We went 900m up valley from the hut and filled up our water bottles for the long day ahead. The first bit, through long grass and matagouri, was quite steep then the terrain flattened a bit to consolidated small rocks nestled in celmisia. I remember how unpleasant this was in a previous descent from Mt Hecla as it was hard and uneven underfoot wearing our plastic climbing boots but no issue for us going uphill.
We climbed steadily up the spur for the next hour and I found it tedious to be on such sustained unchanging terrain but eventually got closer to where the spur is met by another spur, and in the lee of a rocky outcrop, stopped for a drink and a snack. This is where on a previous ascent we’d had lunch so it goes to show today we’d had a much earlier start. We continued along this broader and more laid back ridge of consolidated sandstone scree, devoid of vegetation apart from subtle successions of ranunculus and a single flowering grass I’d never previously noted.
We gained the narrow ridge that runs SW from the summit of Mt Hecla. There was a bit of a cooling breeze here. At this point last time Frank and I had called it a day and turned around rather than going to the previously visited summit in snow, with June having short days. It was pleasant travel to the summit but I was getting hungry and there was no shelter lee to the wind. I could see evil drop-offs to McLennan stream ahead. I stopped and waited for Frank to parley.
I then carried on to the summit and it was good travel from there via a scree face to sidle on to the SE ridge that drops 150m to a saddle. Frank checked in to see I was happy with the scree and I sure was. At the saddle I found a wee eroded section that formed a scoop, completely sheltered from the wind so we stopped here and had lunch. Further along there was another scoop but it wasn’t so sheltered. Frank talked about ascending 170m to the next wee bump but I could see it was easy to just sidle at the 1600m contour to the next saddle along the ridge so did this with Frank wondering where I’d gone but he soon sussed out I’d taken the shortcut so followed along.
I waited for him just up from the saddle where it was more sheltered in the sun and we carried on to Pt 1758 and the summit where there was a nearly circular rock wall constructed with a bit of snow within. I spurned this and sat against the outer wall in the direction of our intended descent – via what eventually became the western ridge.

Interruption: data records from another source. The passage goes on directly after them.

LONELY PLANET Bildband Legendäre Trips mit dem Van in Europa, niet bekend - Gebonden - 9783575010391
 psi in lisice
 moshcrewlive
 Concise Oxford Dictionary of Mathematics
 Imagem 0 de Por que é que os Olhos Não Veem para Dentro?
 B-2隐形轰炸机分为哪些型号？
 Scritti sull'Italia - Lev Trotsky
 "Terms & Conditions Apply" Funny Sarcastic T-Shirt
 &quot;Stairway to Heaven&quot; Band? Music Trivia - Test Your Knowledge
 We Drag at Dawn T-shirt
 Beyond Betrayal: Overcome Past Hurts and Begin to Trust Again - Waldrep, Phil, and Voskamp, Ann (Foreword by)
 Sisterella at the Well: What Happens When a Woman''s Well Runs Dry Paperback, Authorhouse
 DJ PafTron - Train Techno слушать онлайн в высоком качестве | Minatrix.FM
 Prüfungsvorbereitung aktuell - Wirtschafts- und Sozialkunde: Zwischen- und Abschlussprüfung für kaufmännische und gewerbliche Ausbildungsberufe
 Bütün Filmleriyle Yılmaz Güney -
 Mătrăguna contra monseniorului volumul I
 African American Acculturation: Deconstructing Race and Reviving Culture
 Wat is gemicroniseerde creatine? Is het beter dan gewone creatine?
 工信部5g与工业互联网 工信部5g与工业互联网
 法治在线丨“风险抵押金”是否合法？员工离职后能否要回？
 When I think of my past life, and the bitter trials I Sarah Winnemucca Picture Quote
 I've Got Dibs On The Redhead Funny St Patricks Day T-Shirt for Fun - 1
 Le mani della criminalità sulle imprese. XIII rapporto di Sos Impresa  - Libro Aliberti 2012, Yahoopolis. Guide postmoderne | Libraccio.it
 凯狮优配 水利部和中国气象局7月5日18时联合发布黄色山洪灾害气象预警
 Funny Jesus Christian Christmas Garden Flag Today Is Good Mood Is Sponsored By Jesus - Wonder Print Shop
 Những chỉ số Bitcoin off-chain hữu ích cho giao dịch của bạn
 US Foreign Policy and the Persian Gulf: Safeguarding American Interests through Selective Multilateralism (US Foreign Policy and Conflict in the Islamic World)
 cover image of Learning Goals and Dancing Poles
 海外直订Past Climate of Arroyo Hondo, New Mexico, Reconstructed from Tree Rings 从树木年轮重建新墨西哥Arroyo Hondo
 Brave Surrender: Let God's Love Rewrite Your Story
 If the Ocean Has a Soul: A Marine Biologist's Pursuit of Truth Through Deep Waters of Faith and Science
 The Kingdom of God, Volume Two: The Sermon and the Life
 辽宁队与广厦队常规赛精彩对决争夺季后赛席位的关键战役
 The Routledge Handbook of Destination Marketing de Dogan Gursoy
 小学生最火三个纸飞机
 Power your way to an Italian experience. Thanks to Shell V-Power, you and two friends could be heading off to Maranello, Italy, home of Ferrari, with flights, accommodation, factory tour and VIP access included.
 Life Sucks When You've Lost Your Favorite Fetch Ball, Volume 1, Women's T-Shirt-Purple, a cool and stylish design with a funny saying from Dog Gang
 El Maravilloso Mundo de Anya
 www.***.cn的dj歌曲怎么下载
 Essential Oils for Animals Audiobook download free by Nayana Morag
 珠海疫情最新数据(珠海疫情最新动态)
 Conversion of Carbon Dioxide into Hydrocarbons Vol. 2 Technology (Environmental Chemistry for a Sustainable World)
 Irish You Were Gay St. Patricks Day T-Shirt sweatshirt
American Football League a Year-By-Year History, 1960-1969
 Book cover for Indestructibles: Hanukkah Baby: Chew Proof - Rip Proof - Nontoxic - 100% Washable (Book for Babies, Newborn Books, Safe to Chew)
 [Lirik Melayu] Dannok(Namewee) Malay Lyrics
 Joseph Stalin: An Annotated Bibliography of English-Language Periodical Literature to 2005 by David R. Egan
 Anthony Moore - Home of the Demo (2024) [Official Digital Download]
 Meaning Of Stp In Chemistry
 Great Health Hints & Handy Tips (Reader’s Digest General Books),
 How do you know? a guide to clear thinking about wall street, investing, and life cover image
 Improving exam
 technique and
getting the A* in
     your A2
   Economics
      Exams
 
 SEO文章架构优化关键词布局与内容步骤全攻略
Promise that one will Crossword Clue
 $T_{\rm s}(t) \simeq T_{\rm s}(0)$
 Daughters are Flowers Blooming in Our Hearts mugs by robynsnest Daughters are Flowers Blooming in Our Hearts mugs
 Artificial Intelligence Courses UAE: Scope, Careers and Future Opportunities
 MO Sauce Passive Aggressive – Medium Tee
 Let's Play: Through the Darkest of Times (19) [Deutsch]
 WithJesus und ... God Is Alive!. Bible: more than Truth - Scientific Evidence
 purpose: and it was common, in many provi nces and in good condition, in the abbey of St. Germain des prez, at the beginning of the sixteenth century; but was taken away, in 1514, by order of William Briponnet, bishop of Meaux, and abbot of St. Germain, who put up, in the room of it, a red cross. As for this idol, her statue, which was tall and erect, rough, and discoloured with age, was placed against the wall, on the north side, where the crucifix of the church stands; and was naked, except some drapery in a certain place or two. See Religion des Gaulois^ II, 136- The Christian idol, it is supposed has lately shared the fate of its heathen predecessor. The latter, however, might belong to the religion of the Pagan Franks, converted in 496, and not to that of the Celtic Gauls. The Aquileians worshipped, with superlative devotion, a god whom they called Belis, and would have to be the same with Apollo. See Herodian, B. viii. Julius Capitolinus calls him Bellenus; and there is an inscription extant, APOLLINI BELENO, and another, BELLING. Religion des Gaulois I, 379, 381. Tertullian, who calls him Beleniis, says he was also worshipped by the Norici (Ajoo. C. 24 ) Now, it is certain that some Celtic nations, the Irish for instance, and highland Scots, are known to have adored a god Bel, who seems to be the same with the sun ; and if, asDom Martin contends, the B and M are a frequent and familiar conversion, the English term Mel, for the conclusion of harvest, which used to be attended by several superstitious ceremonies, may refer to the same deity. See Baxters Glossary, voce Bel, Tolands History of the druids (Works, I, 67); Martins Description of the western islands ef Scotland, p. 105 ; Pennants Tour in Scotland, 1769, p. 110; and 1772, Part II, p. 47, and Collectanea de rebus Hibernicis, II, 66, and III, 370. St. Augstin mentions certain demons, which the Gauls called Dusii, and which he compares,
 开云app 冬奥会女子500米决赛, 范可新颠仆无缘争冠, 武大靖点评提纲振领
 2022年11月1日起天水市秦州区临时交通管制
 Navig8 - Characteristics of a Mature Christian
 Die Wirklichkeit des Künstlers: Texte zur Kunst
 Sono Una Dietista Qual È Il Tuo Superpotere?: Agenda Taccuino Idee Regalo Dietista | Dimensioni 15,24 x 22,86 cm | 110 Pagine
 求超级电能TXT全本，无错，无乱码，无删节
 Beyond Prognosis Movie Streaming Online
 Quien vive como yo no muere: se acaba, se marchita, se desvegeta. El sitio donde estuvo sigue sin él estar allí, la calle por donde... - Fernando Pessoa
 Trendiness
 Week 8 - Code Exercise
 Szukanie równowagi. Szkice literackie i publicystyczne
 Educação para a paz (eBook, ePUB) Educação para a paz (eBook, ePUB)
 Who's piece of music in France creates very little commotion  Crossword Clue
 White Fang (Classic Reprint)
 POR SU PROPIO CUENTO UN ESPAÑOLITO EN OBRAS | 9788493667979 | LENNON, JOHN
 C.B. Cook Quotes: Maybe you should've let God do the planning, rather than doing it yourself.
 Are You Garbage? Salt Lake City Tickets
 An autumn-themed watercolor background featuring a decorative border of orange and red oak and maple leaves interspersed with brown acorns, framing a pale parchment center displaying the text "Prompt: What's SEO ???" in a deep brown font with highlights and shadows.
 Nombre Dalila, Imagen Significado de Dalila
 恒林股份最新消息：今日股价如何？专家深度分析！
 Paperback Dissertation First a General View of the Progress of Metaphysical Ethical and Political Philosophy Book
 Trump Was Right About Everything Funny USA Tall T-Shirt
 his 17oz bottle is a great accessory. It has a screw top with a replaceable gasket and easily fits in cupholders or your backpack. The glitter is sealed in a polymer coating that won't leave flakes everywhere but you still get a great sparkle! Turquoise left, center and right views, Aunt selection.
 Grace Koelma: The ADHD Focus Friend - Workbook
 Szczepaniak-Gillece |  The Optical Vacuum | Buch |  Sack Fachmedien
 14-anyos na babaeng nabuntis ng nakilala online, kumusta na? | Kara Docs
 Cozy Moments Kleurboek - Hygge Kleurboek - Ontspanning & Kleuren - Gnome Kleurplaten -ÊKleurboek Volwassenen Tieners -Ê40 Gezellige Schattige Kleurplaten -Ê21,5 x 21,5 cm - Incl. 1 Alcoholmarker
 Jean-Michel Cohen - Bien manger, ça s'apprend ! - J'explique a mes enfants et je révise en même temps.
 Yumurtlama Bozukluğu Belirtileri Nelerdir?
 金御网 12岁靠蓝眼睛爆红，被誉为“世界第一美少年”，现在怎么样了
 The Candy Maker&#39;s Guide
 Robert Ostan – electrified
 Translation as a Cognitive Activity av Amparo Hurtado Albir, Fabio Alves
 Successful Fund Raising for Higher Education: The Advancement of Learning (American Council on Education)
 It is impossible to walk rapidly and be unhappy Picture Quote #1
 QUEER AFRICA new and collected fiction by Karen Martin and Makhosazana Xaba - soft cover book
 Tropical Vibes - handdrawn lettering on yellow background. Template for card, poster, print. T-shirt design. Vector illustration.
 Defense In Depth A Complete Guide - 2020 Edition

I sent a message to my brother as there was cellphone coverage then heard a voice. Frank arrived and mentioned there were others near the summit. They arrived and turned out to be 3 young tahr hunters who were camped on a ridge nearby, having driven up the Mt Hutt ski field road.
We admired the novel viewpoints from this angle: places we’d been such as Old Man Peak with Mt Taylor at the back and Boundary Creek leading to the col that we’d gone over into the Swin one time. Then we headed west but after a short drop down, I realized we’d need to sidle across a shallow broad gully to the correct spur so off we went and down we went using snow leads as a change from walking in scree though it was no more pleasant or faster, just different.
It was much more interesting now with changing directions and short sections of steepness followed by level traveling. At Pt 1390 we stopped and figured out where we’d be heading next to avoid going down the wrong spur, then there was another junction where we’d need to make the right choice to avoid going over Pt 1165. I could see there was no need to slavishly follow the spurs as the terrain was friendly with soft scree so took a direct line to the desired spur which meant protracted sidling much to Frank’s disgust where he pronounced no one prefers sidling but I kept my thought to myself that I preferred this to the direct descending which we’d soon be doing plenty of.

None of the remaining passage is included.